§ **Exercise objective**:
Exactly the lines from the one containing "Kit 2 Poltronas" through the one containing "Badge Reels with" in the listing below are to be copied, with the pictures left out.

§ **Data supplied**:
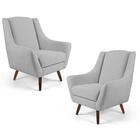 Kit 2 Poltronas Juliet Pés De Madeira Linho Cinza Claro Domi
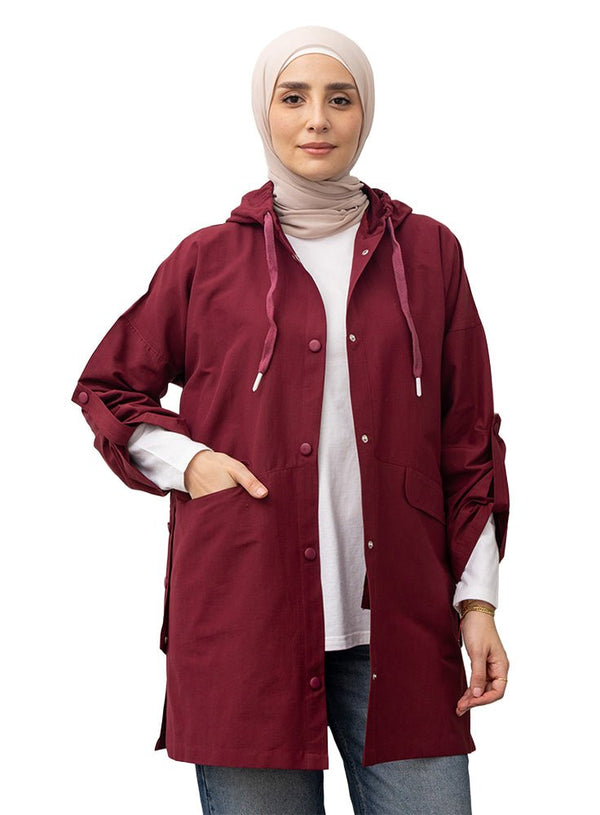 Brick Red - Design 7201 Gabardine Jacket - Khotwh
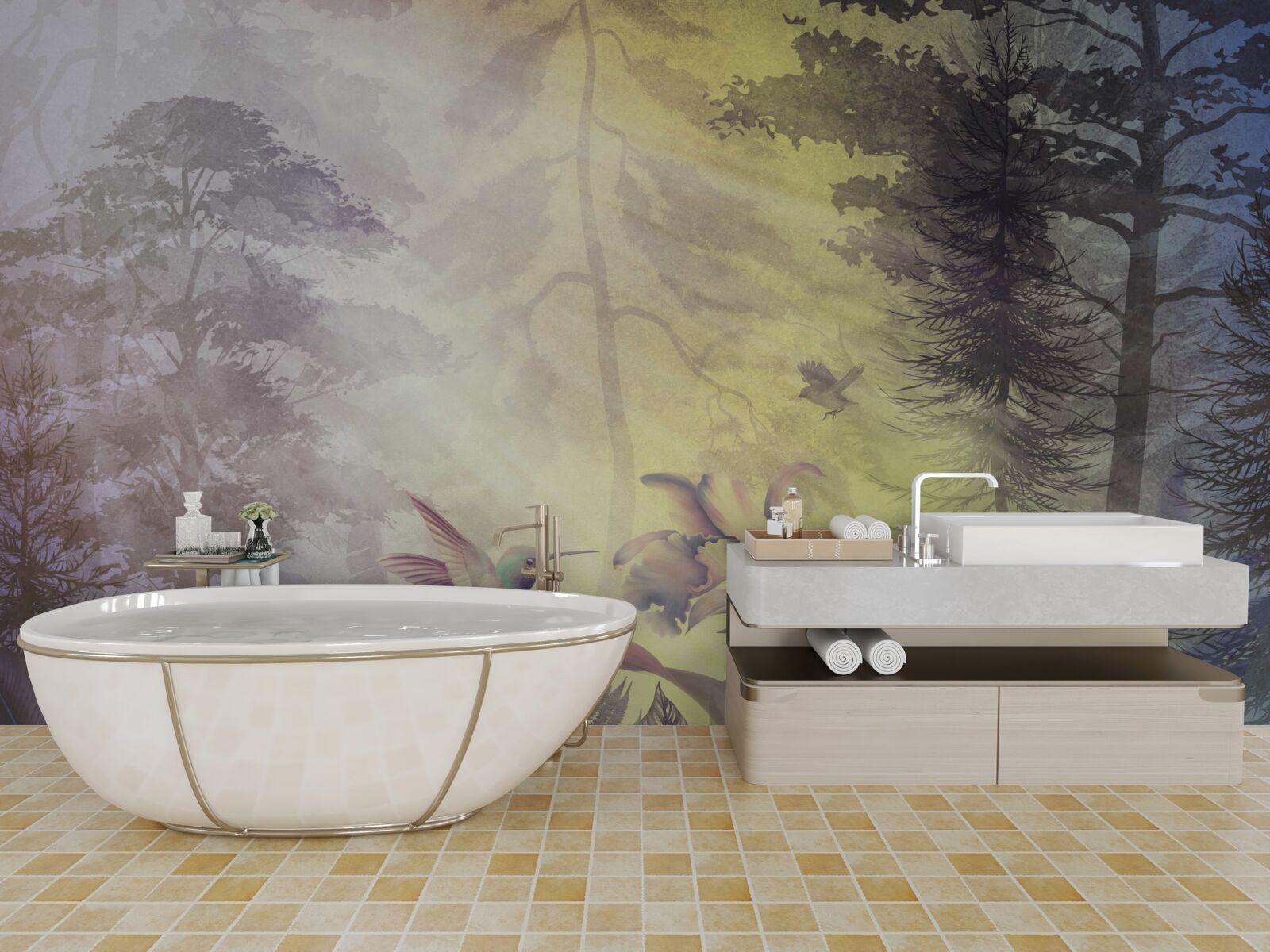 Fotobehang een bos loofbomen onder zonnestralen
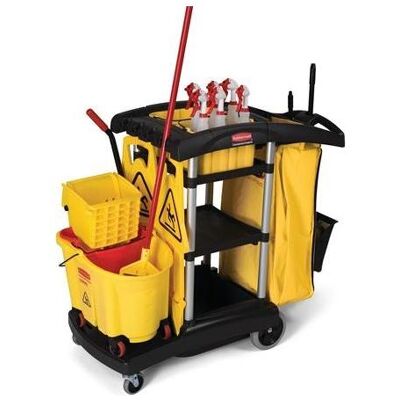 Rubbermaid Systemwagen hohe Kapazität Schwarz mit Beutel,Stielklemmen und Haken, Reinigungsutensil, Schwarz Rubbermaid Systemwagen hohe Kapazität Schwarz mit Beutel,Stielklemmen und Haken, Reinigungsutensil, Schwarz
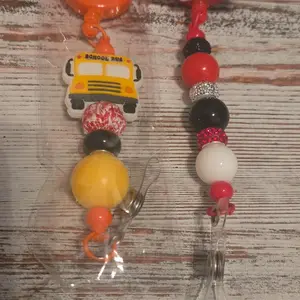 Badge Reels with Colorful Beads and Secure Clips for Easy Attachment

==

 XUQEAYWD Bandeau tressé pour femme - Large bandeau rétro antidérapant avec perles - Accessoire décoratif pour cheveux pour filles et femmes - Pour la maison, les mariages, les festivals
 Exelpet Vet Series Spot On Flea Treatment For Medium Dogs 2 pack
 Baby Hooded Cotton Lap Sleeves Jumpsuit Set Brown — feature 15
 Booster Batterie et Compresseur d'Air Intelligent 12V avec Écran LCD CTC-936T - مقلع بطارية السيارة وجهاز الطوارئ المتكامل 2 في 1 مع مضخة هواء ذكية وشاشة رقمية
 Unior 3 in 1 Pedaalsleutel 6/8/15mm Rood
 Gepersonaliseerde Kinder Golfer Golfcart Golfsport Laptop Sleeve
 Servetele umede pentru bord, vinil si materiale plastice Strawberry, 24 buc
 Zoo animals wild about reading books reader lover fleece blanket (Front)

* * *

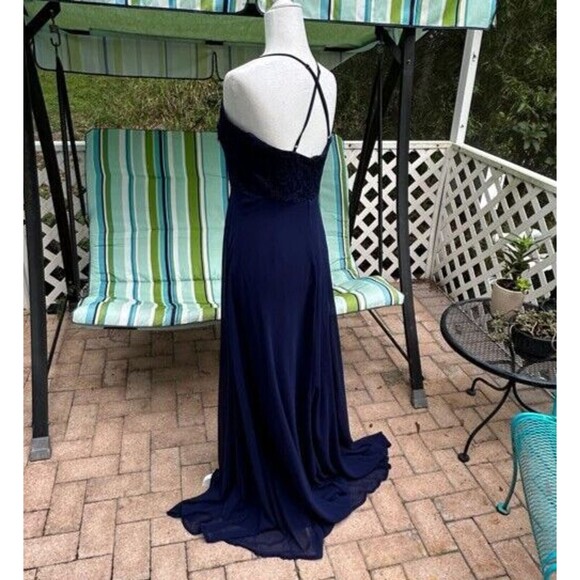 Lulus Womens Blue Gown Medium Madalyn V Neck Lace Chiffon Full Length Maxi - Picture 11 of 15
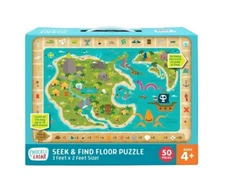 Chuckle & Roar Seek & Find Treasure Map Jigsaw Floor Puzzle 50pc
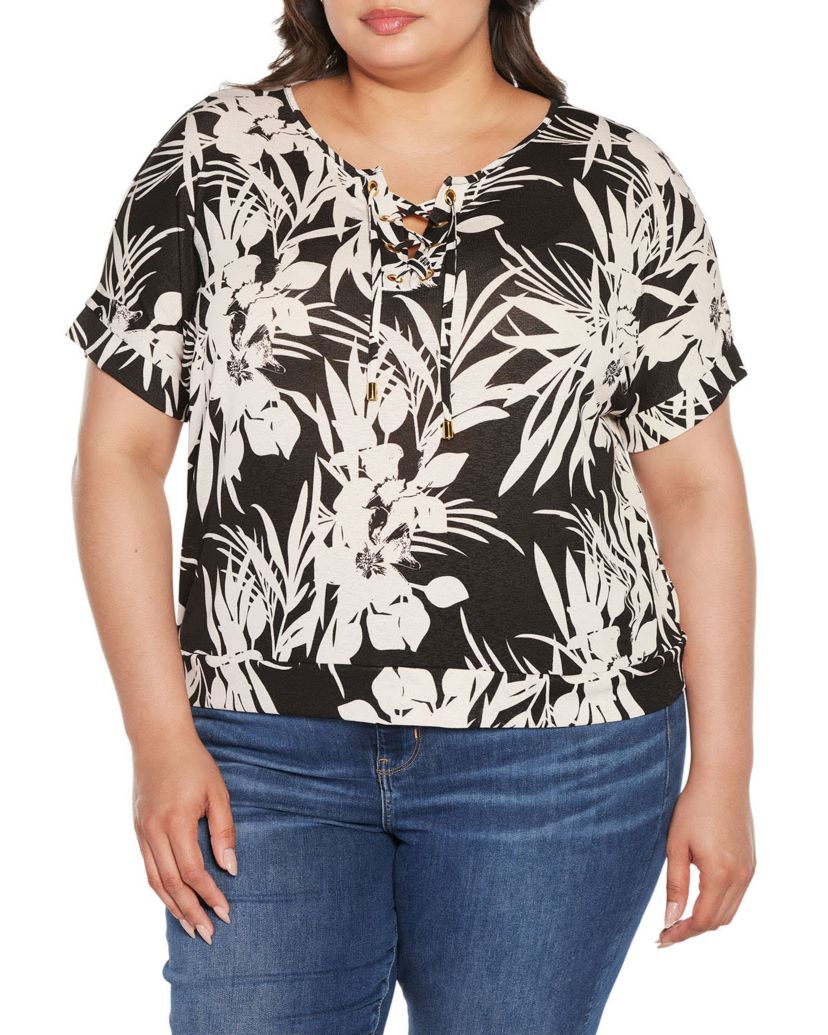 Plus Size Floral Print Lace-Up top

§ **Written solution**:
 Kit 2 Poltronas Juliet Pés De Madeira Linho Cinza Claro Domi
 Brick Red - Design 7201 Gabardine Jacket - Khotwh
 Fotobehang een bos loofbomen onder zonnestralen
 Rubbermaid Systemwagen hohe Kapazität Schwarz mit Beutel,Stielklemmen und Haken, Reinigungsutensil, Schwarz Rubbermaid Systemwagen hohe Kapazität Schwarz mit Beutel,Stielklemmen und Haken, Reinigungsutensil, Schwarz
 Badge Reels with Colorful Beads and Secure Clips for Easy Attachment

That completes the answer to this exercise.